ReF-LDM: A Latent Diffusion Model for Reference-based Face Image Restoration
This work addresses the specific issue of identity fidelity in face restoration for applications like photo enhancement, though it is incremental as it adapts existing LDM methods.
The authors tackled the problem of generating inaccurate facial appearances in blind face image restoration by proposing ReF-LDM, a latent diffusion model that uses low-quality input and multiple high-quality reference images to produce high-quality outputs, achieving improved identity preservation as demonstrated on their FFHQ-Ref dataset.

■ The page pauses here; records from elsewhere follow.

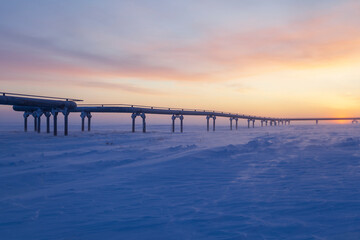 Fototapeta na wymiar Gas pipelines, pipes for gas and oil transportation, oil and gas industry, gas and oil fields in the far north, gas pipeline in winter at sunset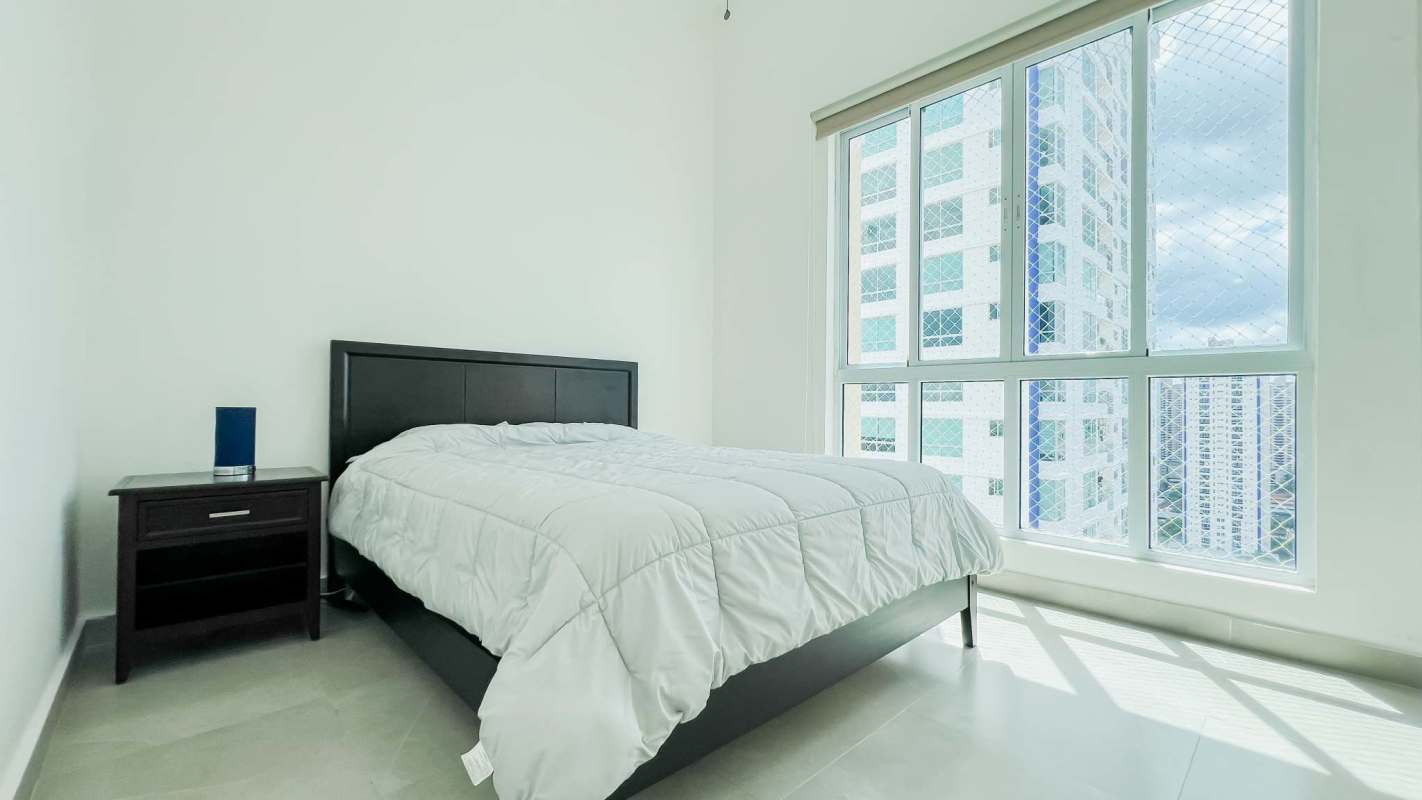 Master bedroom with city view, AC, built-in closet and minimal furnishings in PH Costa del Mar Panama
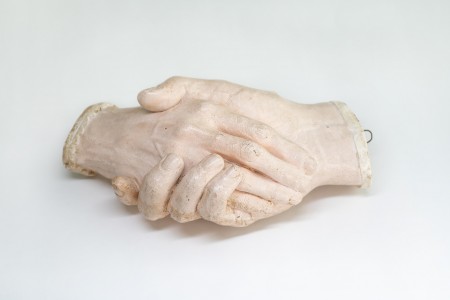 Life cast of two hands clasped together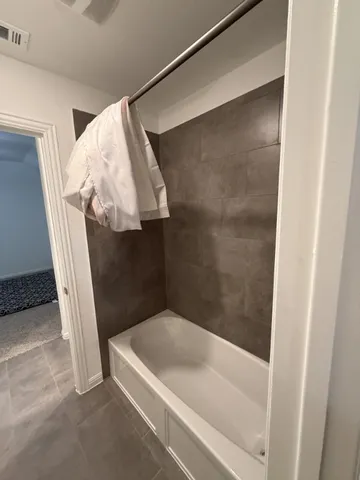 a view of staircase with white walls and a window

While recent works on blind face image restoration have successfully produced impressive high-quality (HQ) images with abundant details from low-quality (LQ) input images, the generated content may not accurately reflect the real appearance of a person. To address this problem, incorporating well-shot personal images as additional reference inputs could be a promising strategy. Inspired by the recent success of the Latent Diffusion Model (LDM), we propose ReF-LDM, an adaptation of LDM designed to generate HQ face images conditioned on one LQ image and multiple HQ reference images. Our model integrates an effective and efficient mechanism, CacheKV, to leverage the reference images during the generation process. Additionally, we design a timestep-scaled identity loss, enabling our LDM-based model to focus on learning the discriminating features of human faces. Lastly, we construct FFHQ-Ref, a dataset consisting of 20,405 high-quality (HQ) face images with corresponding reference images, which can serve as both training and evaluation data for reference-based face restoration models.